In his list of biblical references in Shakespeare's plays, Thomas Carter gives three sources or verbal parallels in the Geneva Bible for Polonius' words, "A double blessing is a double grace" (Hamlet, I.iii.54). "The words 'double grace' and 'double blessing' occur in the Geneva Bible in very interesting connections," Carter says, and quotes the Geneva Bible at Ecclesiasticus 26.15, "A shamefast and faithfull woman is a double grace." He then gives two additional examples from the Geneva notes, note "c" on Isaiah 40.2 and note "f" on Isaiah 40.3:

In Isa. xl. 2 a Genevan Note on the verse says—"Sufficient or double grace whereas she deserved double punishment;" and again [at Isa. 40.3]—"This was fully accomplished when John the Baptist brought tidings of Jesus Christe's comming, who was the true deliverer of His Church from sinne and Satan; hence this double blessing of the Forerunner and the Messiah announced the sufficient or double grace of the forgiveness of God."[1] (Italics added.)

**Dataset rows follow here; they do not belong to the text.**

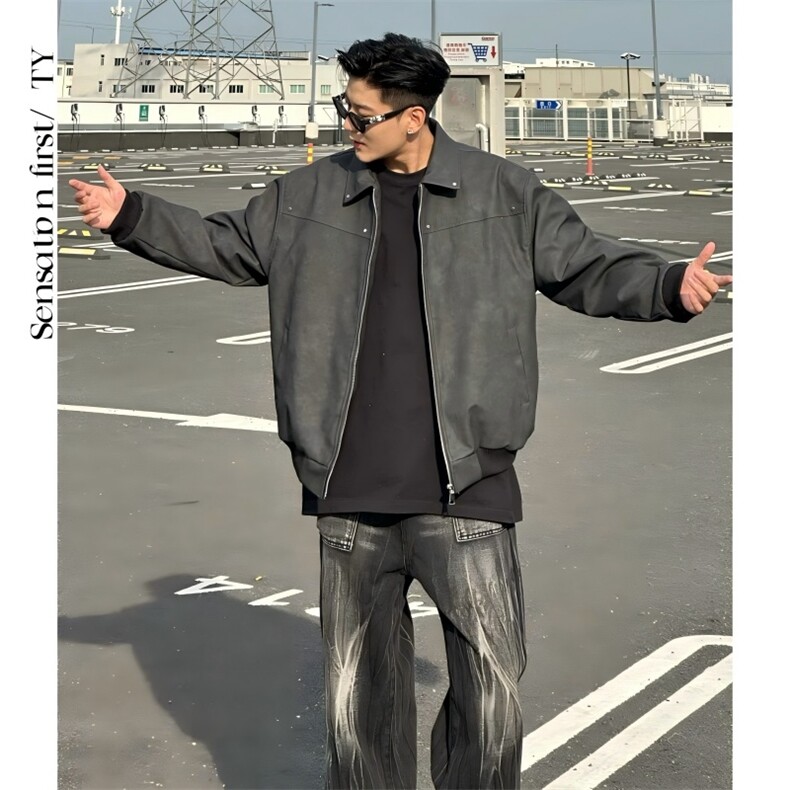 网图春季抖音得物品质扎染PU皮衣雾面皮夹克外套男6152-TP43,男装夹克,星座207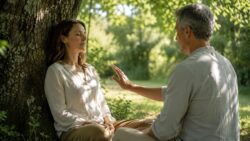 Pranotherapie nach Damanhur Meditative Begegnung unter dem Baum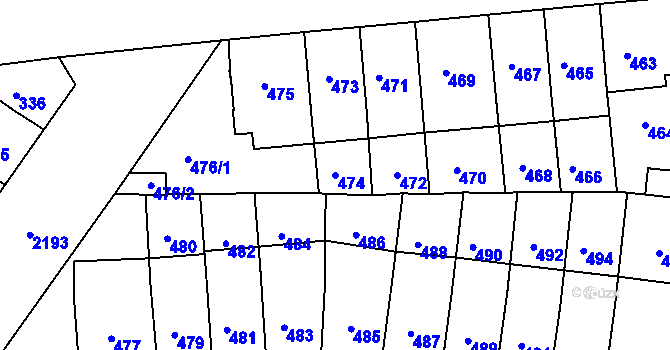 Parcela st. 474 v KÚ Střešovice, Katastrální mapa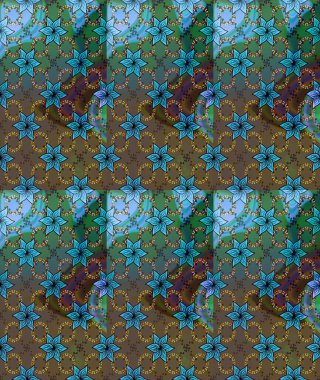 Renkli grunge, soyut arkaplanı, koyu kahverengi ve mavi çiçeklerle süslüyor. Parmak izi, kumaş, duvar kâğıdı, tekstil için raster dokusu. İşlemeli çiçek desenli..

Carter's claim is important for at least two reasons. First of all, if he is correct, then in the note on Isaiah 40.3 we have one of Shakespeare's clearest references to a Geneva note or gloss. Shakespeare frequently refers to the text of the Geneva Bible; at times these references plainly indicate that he had only the Geneva Bible in mind and no other version. But to demonstrate that Shakespeare echoes a Geneva note or gloss as clearly as Carter asserts he does in this instance, is quite another matter. Convincing evidence that Shakespeare was influenced by the many notes in the margins of the Geneva Bible is practically nil.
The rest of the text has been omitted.